In practice, operations are typically sent to all n replicas in parallel, but the system only waits for w or r successful responses before considering the operation complete. When w + r > n, you can generally expect every read to return the most recent value written for a key, as there must be an overlap between the nodes written to and the nodes read from.

However, even with this quorum condition, there are many corner cases where stale values might be returned. As we discuss below, sloppy quorums may violate node-overlapping. Concurrent writes create ambiguity about which write happened first and may result in only some replicas reflecting the new value. Moreover, node failures and data restoration from old replicas can violate quorum conditions.

The ABD paper (1995) does a good job of enforcing and explaining linearizability/atomicity in replicated storage. Note that read-repair is built into the read operation's set phase there.

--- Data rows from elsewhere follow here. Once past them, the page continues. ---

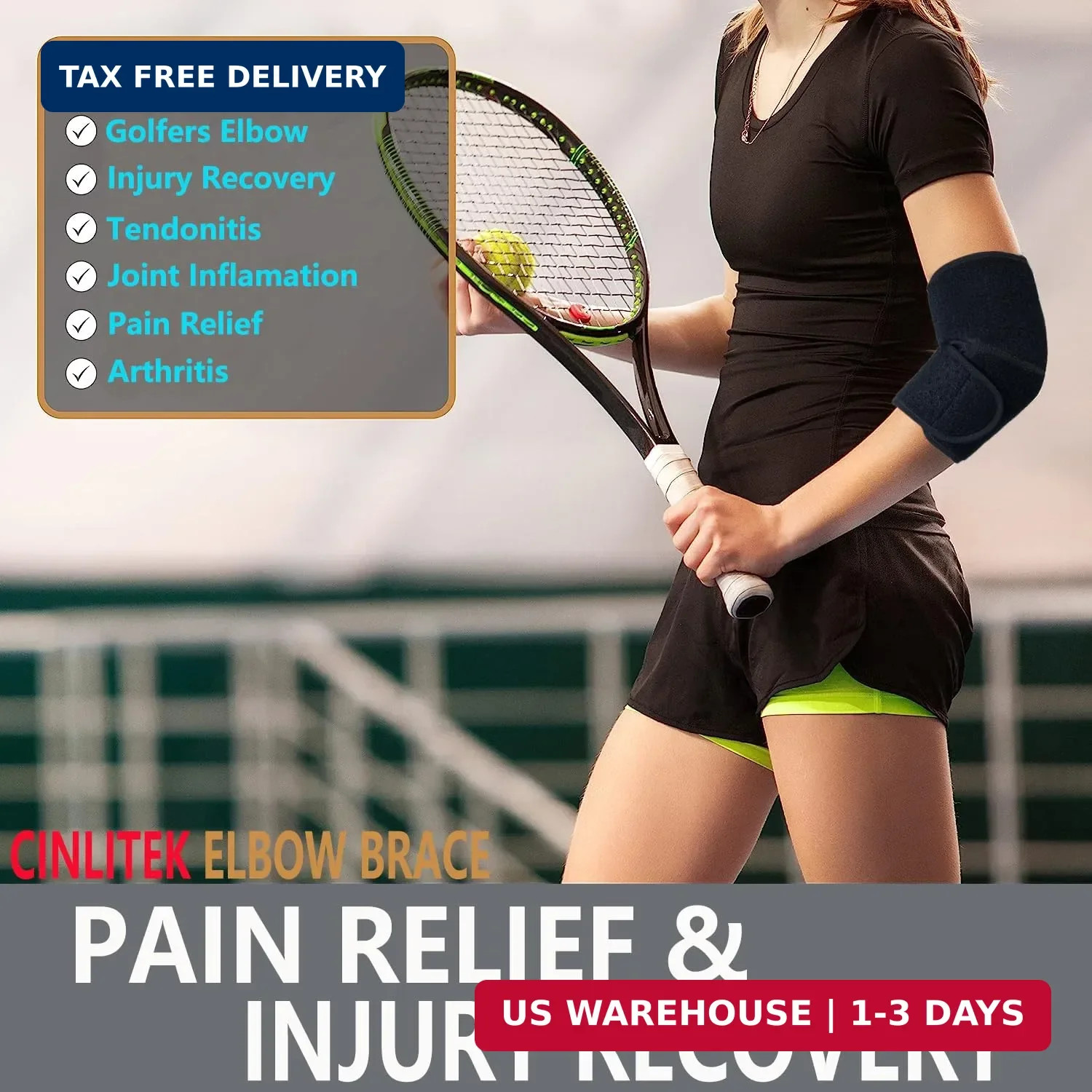 Adjustable Elbow Brace for Men & Women – Instant Pain Relief for Tennis Elbow, G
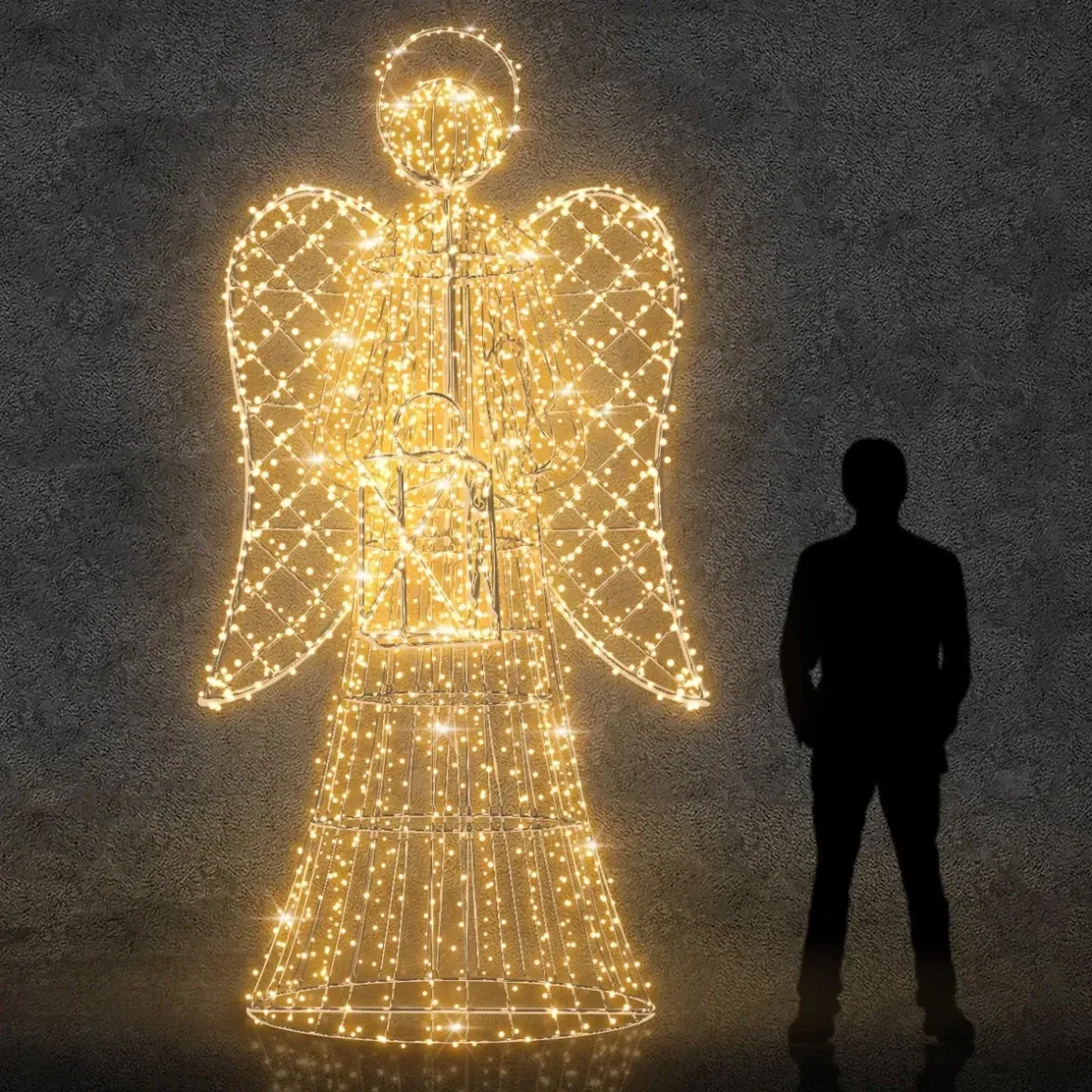 3D LED světelný anděl s lucernou, 300 cm, s krystaly, teple bílá, hliník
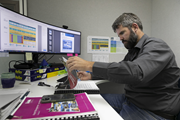 Southern Ports staff member reviewing documents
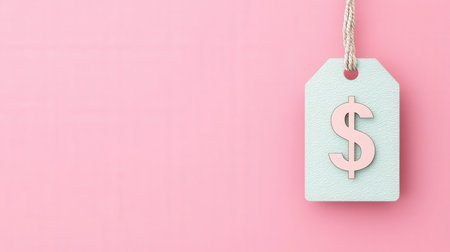 Price tag with dollar sign on pastel pink background with copy spaceの素材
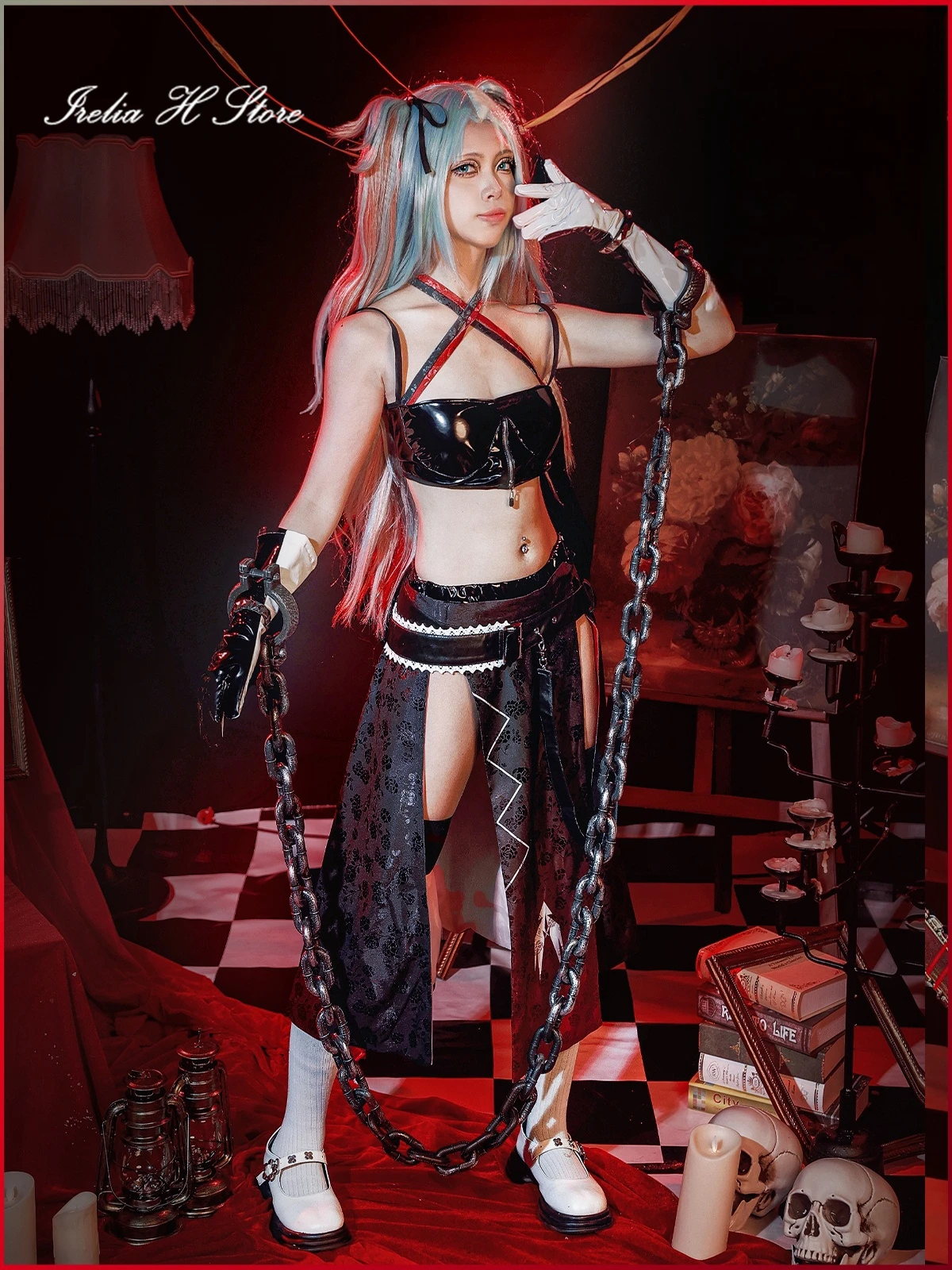 Irelia H Path to Nowwhere 웬디 코스프레 코스튬 게임 애니메이션 웬디 PU 섹시한 유니폼, 세트 할로윈 코스튬 여성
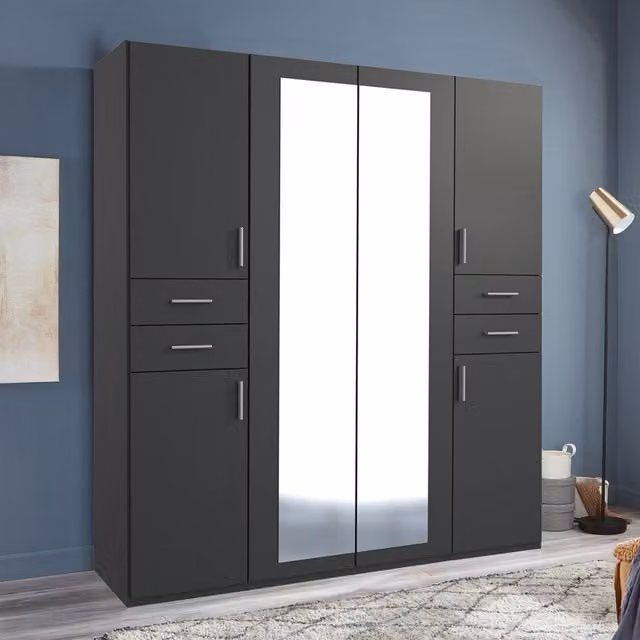 Tjs Vegas Modern Sliding Door Wardrobe in Anthracite Grey, Width: 180 cm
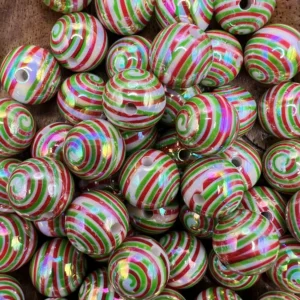 16mm Ab Grinch Swirl Bubblegum Bead Mix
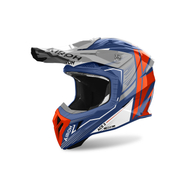 Helmetë motocross Airoh Aviator Ace 2 Engine, XL, blu portokalli gri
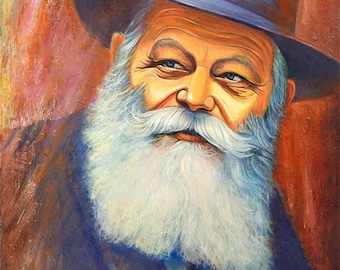 Abstract Lubavitcher Rebbe Portrait – Alex Levin Hasidic Art (Canvas, Metal, Acrylic)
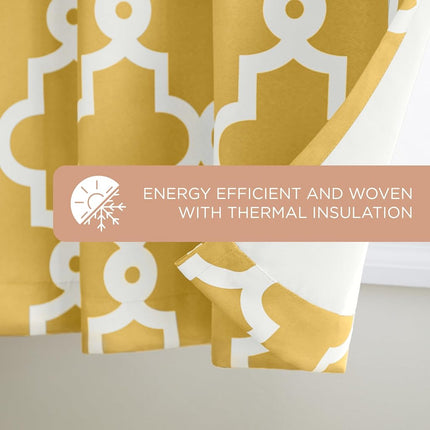 Exclusive Home Curtains Ironwork Woven Blackout Grommet Top Panel Pair, Sundress Yellow, 52x84, 2 Piece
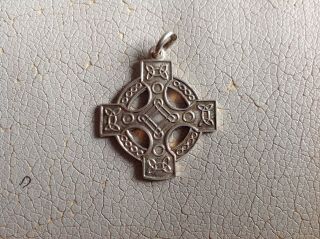 Not Engraved Irish Sterling Silver Fob Medal Hallmarked Dublin Celtic Cross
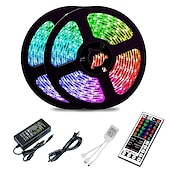 זול שלט רחוק-אורות רצועת led rgb 10 m tiktok אורות 2835 smd 600 led מחרוזת קלטת 44 מפתח ir שלט רחוק led סרט סרט תחת ארון קישוט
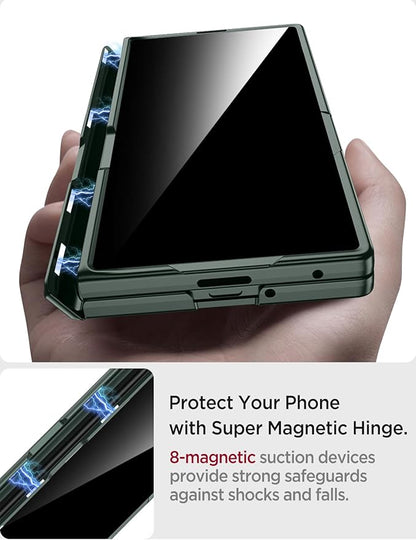 Miimall for Z Fold 7 Case with Privacy Screen Protector, [Military Grade Drop Protection] Built-in Adjustable Kickstand & Magnetic Hinge Protection Shockproof Phone Case for Galaxy Z Fold 7 5G Green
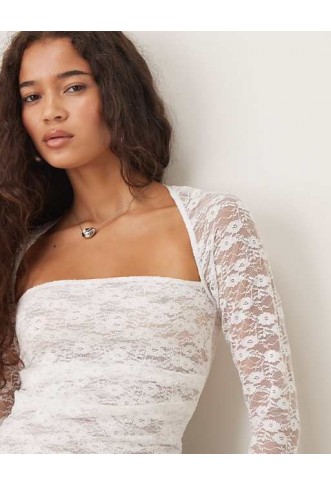 ASOS DESIGN lace shrug semi sheer ruched top
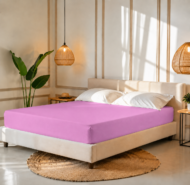 Cearceaf Bumbac cu Elastic Lila - imagine 2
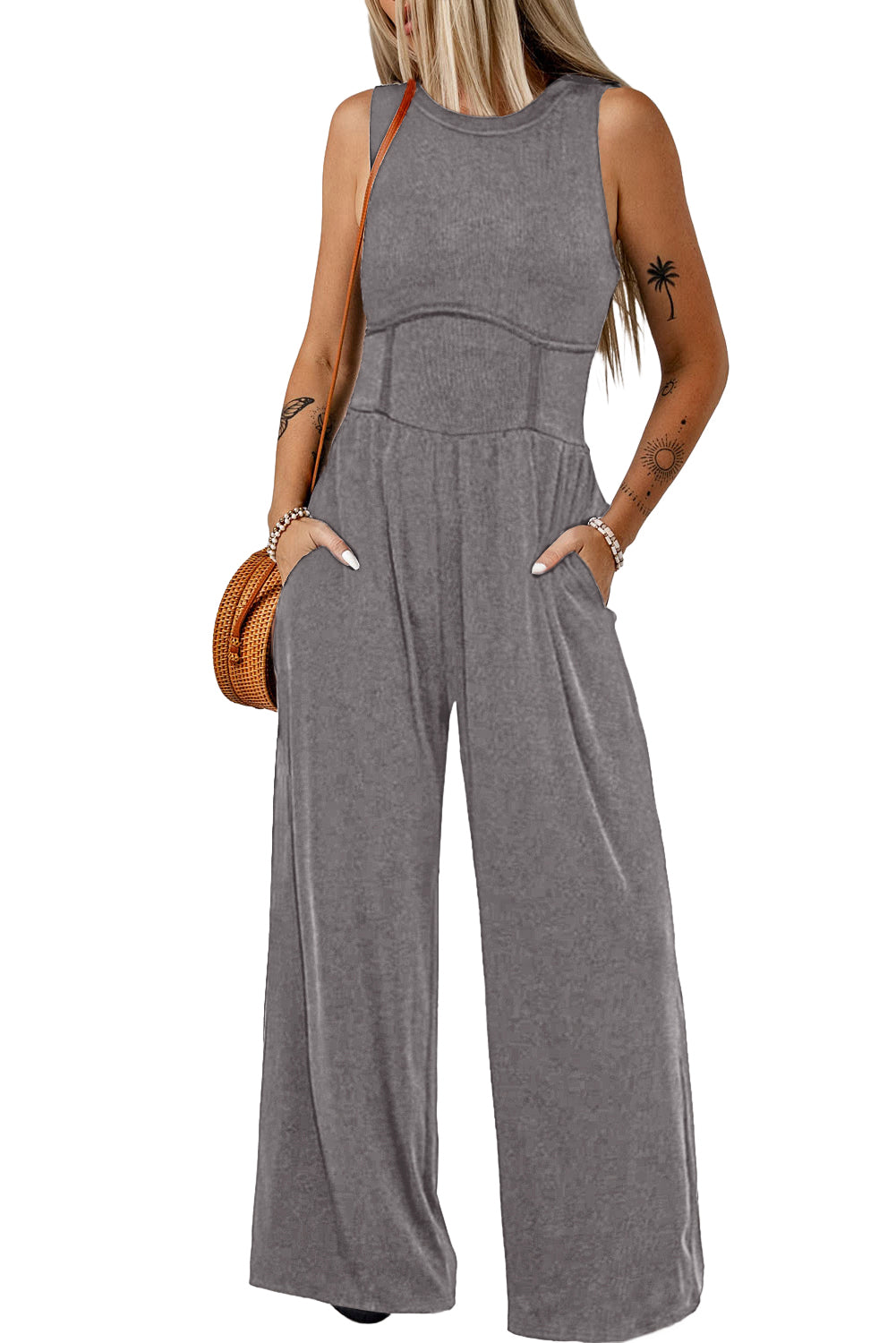 Black Sleeveless High Waist Wide Leg Jumpsuit 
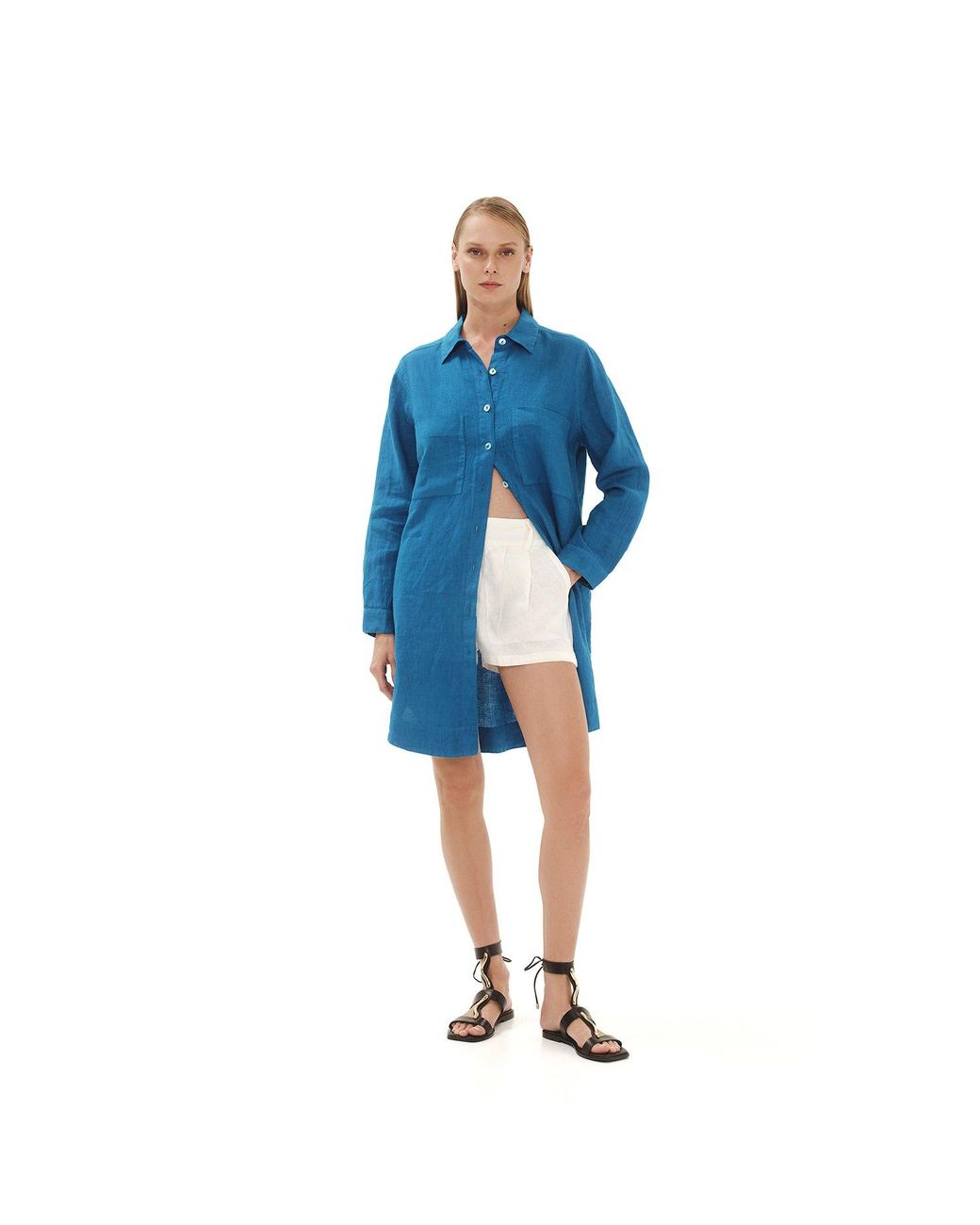 Haris Cotton Gray Long Sleeved Oversized Linen Shirt Dress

Sloppy quorum and hinted handoff

What does a sloppy quorum mean? In large clusters, network partitions might prevent a client from reaching the specific w nodes for a write operation, but other nodes might still be reachable. In this case, the system can either return errors for all requests that can't reach a quorum, or accept writes to nodes that are reachable but not among the designated n "home" nodes for the value. This latter approach is called a sloppy quorum. It still requires w and r successful responses, but these may include nodes outside the usual set. Once network issues are resolved, any temporarily accepted writes are sent to the appropriate "home" nodes through a process called hinted handoff.

Sloppy quorums increase write availability but may impact read consistency, as the latest value might be temporarily stored on nodes outside the usual set. It's important to note that sloppy quorums aren't true quorums in the traditional sense; they only assure durability, not immediate consistency.

Last write wins

When it comes to conflict resolution, one common approach is Last Write Wins (LWW). In this strategy, each replica only stores the most "recent" value, discarding older ones. As long as we have some way of unambiguously determining which write is more “recent,” and every write is eventually copied to every replica, the replicas will eventually converge to the same value.

The book has harsh words for LWW, and declares it as unsafe.

"LWW achieves the goal of eventual convergence, but at the cost of durability: if there are several concurrent writes to the same key, even if they were all reported as successful to the client (because they were written to w replicas), only one of the writes will survive and the others will be silently discarded. Moreover, LWW may even drop writes that are not concurrent, as we shall discuss in “Timestamps for ordering events”. There are some situations, such as caching, in which lost writes are perhaps acceptable. If losing data is not acceptable, LWW is a poor choice for conflict resolution."

I think the criticism of LWW is overly harsh. In a single copy semantics, this is the right behavior. These are not "lost updates": they are overwritten by other updates to the same keys. This is to be expected in a distributed system with multiple clients. Applications requiring strict consistency for specific keys can use conditional updates.

The “happens-before” relationship and concurrency

To properly handle concurrent updates, it's crucial to understand the Lamport's "happens-before" definition. For any two operations A and B, either A happened before B, B happened before A, or A and B are concurrent. Happened before is a transitive causal relationship defined by communication or occurring earlier on the same process. Detecting concurrency and resolving conflicts often involves using techniques like version vectors or vector clocks built on top of the happened-before concept.

I think this discussion was rushed in the book, and it would have been best to introduce happened-before properly and take time to introduce logical clocks and talk about partial ordering in distributed systems.

Logical clocks capture happened-before only in one way. A hb B implies lc.A < lc.B but implication the other way is not guaranteed. That is why we need vector clocks. After all this discussion about "time in distributed systems", it would have made more sense to talk about version vectors. See my short explanation on logical and vector clocks here. And then there is hybrid logical clocks.